Waiting behind closed doors, under shirts, behind backs, in hot dog buns, there hides a terror able to start battles that can last for days, weeks, nay months, no, perhaps years; that’s right, it’s:

Icing.

This ridiculous game of alcohol-based terrorism appeared into the popular realm of drinking games, from what I can gather from Internet sites, in May 2010.

For those not in the know, the game plays out as follows, as described at http://yougoticed.tumblr.com/rules:

1. You cannot refuse an Ice. If you refuse to drink the Ice, you are instantly excommunicated and shunned, and thus can never Ice another bro and be Iced.

2. If you are Iced by a fellow bro, you can Ice block. When presented with an Ice, you pull out an Ice of your own and reverse the Ice on your bro. The ultimate Ice insult.

*Please note that Ice must be consumed on one knee.

That’s the gist of the game. The entire purpose is to make your friends, bros, chug the sickly-sweet Smirnoff Ice products.

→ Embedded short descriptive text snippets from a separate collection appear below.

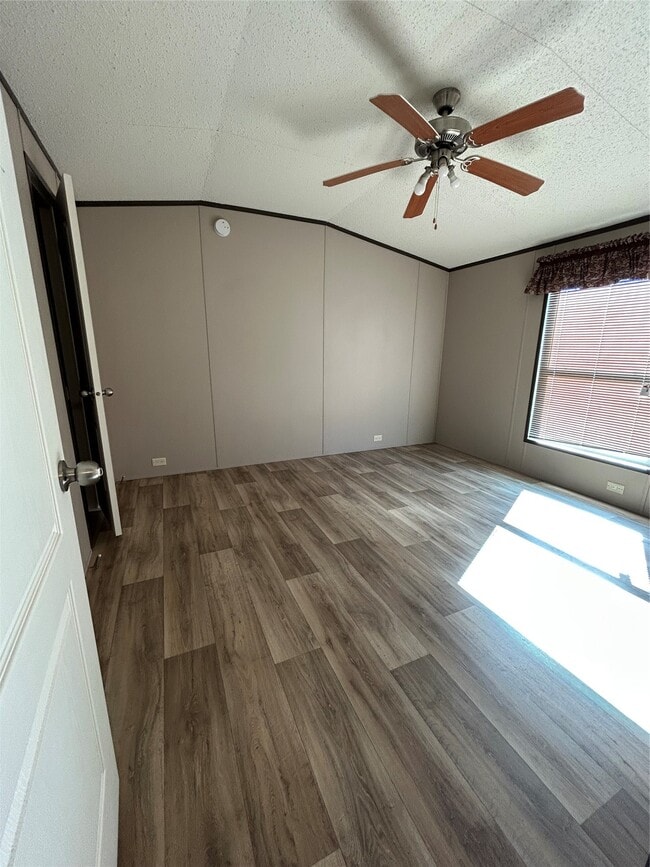 Building Photo - 19130 FM 1485 Rd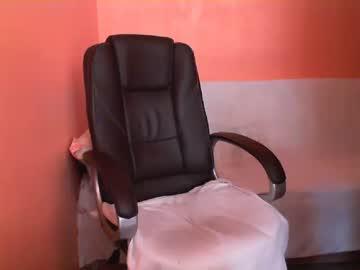 maryasweety chaturbate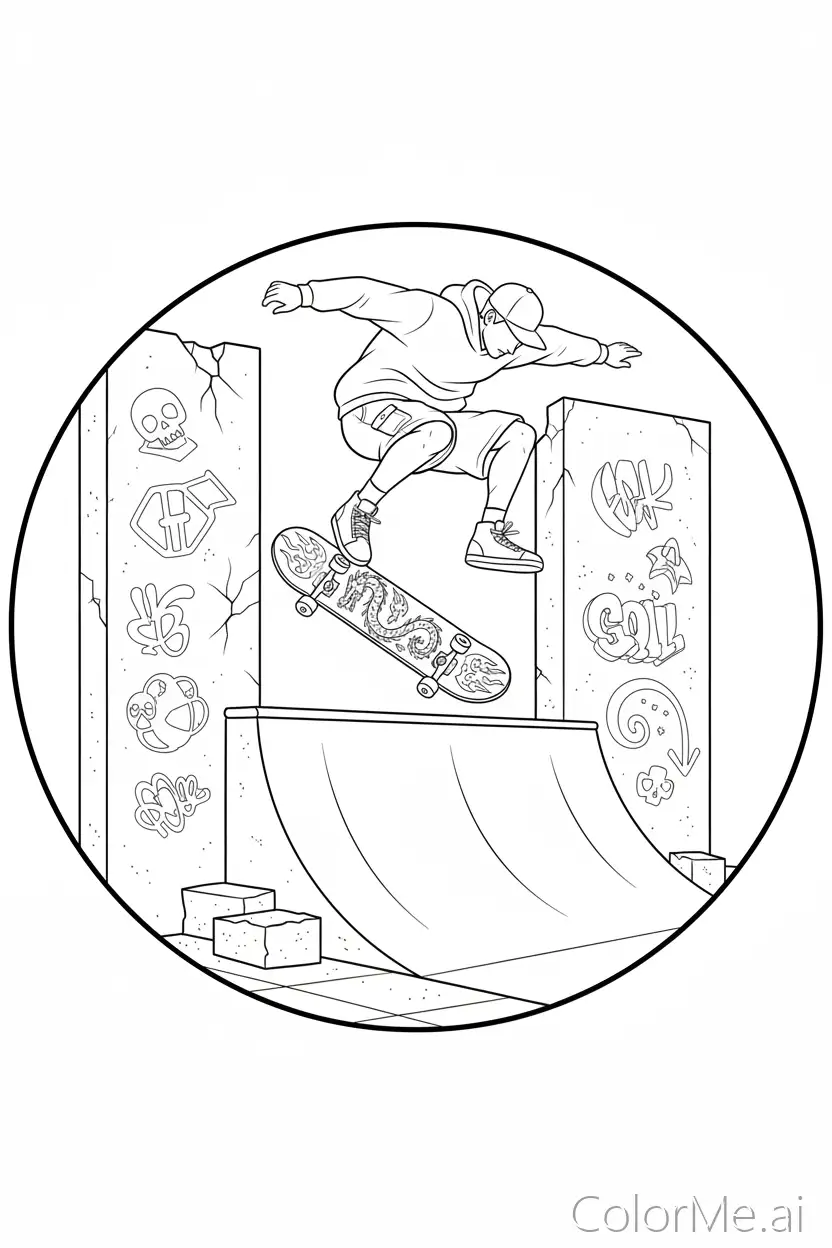 https://file.aiquickdraw.com/imgcompressed/compressed_fd60e72292f03f8f5a40e5250b7ef002.webp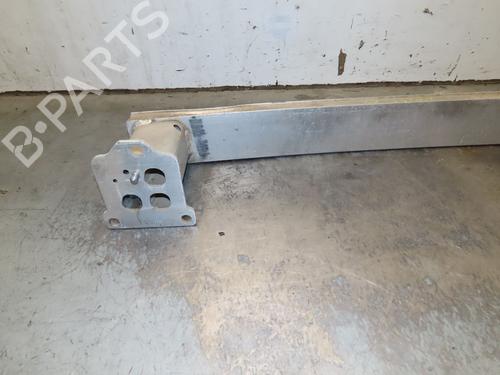 Kofangerbjælke CITROËN C3 Picasso (SH_) 1.6 HDI 90 (92 hp) 32150533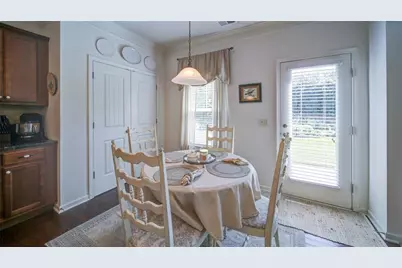 87 Thorndale Lane, Dawsonville, GA 30534 - Photo 14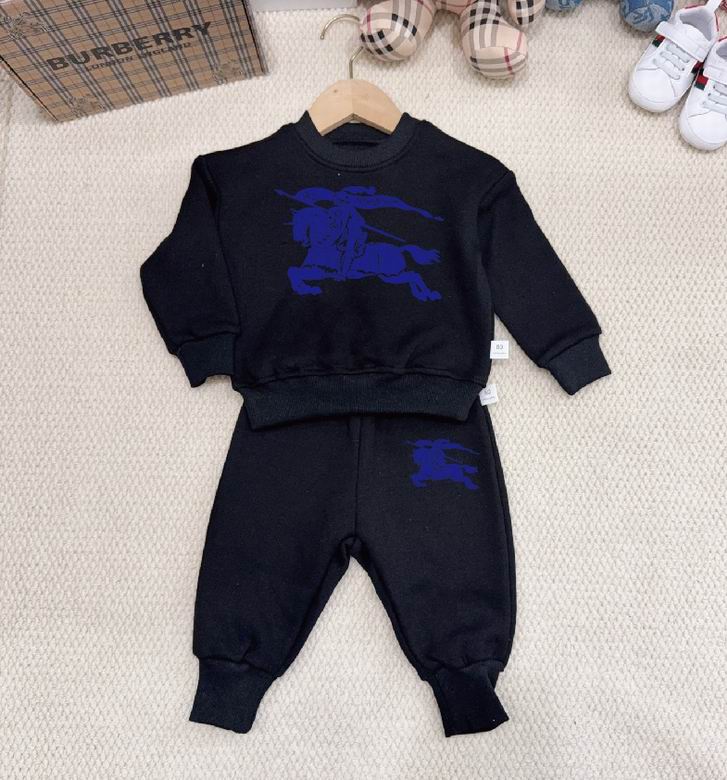 Burberry sz66 73 80 90 100 110 40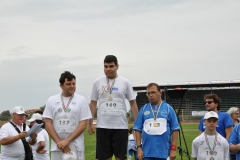 MAGGIO-2010-Campionati-Regionali-Atletica-33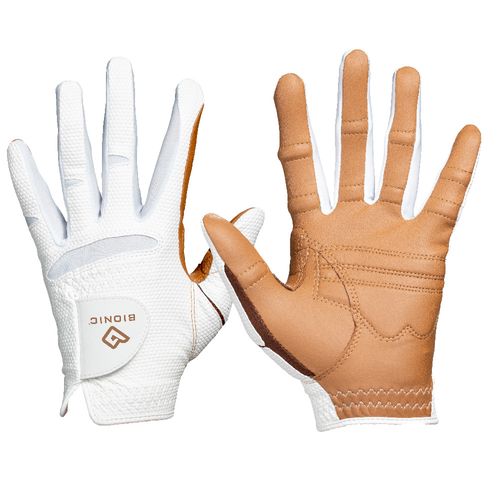 Bionic Women's RelaxGrip 2.0 DX Glove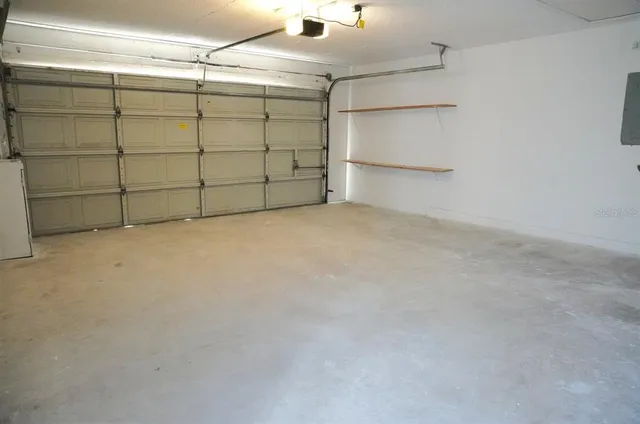 $2,975 | 7811 Bay Cedar Drive, Orlando, FL 32835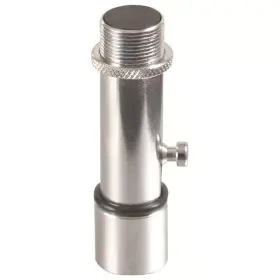 TMP-QK-2C ON-STAGE STANDS Quik Release Mic Adapter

Do so when they are at their weakest, drunk as a skunk. Do so as they are just starting in, before the magical alcohol-induced chug powers, latent in so many people, have been given time to flourish. Do so whenever you feel like messing with your friends; just remember to do so when it makes things funny or awkward.

Now, I’m not advising over-consumption of alcohol. I would never advise people to do things potentially harmful to themselves, and this article is not to be interpreted as advisement for anyone to perform dangerous activities.

All that aside, this game is catching on across America. As of yet, I do not personally know of any incidents outside the United States, but some of my bros are in Amsterdam currently, so there may soon be some tales. But stateside, college students are rabidly embracing it.

With football season kicking into high gear and tailgating fueling the already distracted college minds to new and unknown heights of debauchery, Icing may be the next big thing you see at events.

So, be weary, my brethren. No matter how much you may have had to drink already, no matter where you are or how unprepared you may be, an Ice may be waiting in the hand of that old friend rushing excitedly to see you and don’t forget kiddies, Icing is a game that can, and should, be played equally by guys and gals.

Take no prisoners, and let no Ice deed go unpunished. The age of Icing has arisen; believe you me Bubba, I will be out Icing at sporting events, after-hour parties, wedding receptions and even inside bars.

Bros have a new game, and it’s name is Icing. You have been warned.